*** Source material ***

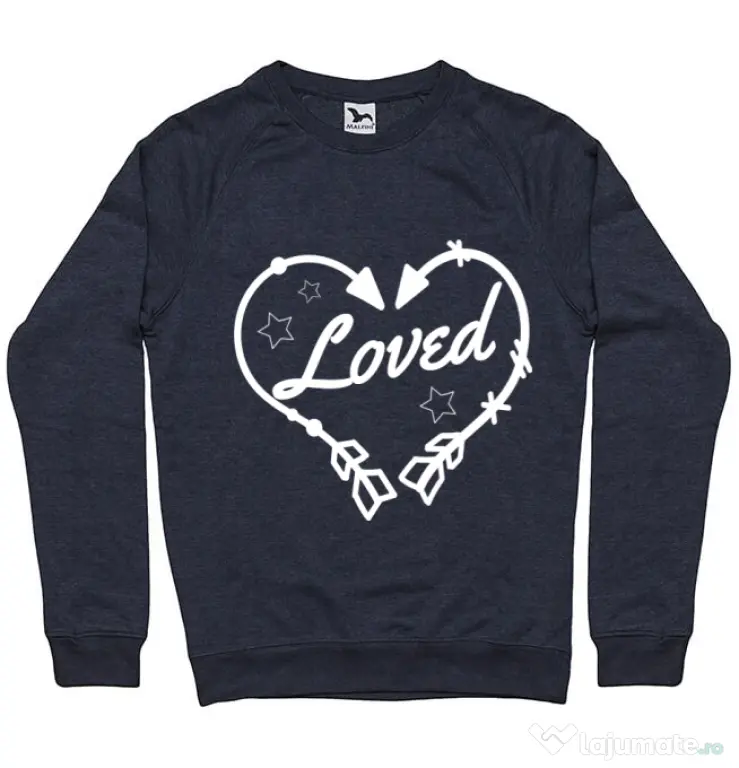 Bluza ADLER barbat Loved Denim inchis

*** End of Source material ***
*** Source material ***

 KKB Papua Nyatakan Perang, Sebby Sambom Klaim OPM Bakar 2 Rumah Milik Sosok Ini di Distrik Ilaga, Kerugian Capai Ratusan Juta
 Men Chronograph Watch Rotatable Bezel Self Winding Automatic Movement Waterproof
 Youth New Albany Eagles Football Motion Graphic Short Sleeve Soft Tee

*** End of Source material ***
*** Source material ***

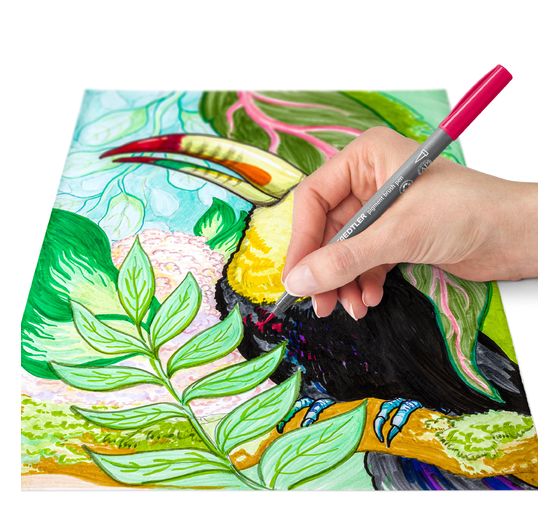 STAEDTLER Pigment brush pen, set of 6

*** End of Source material ***

Work to complete →
From the records above, give again exactly the lines running from the line with "Men Chronograph Watch" to the line with "Youth New Albany", inclusive.

Exercise response →
 Men Chronograph Watch Rotatable Bezel Self Winding Automatic Movement Waterproof
 Youth New Albany Eagles Football Motion Graphic Short Sleeve Soft Tee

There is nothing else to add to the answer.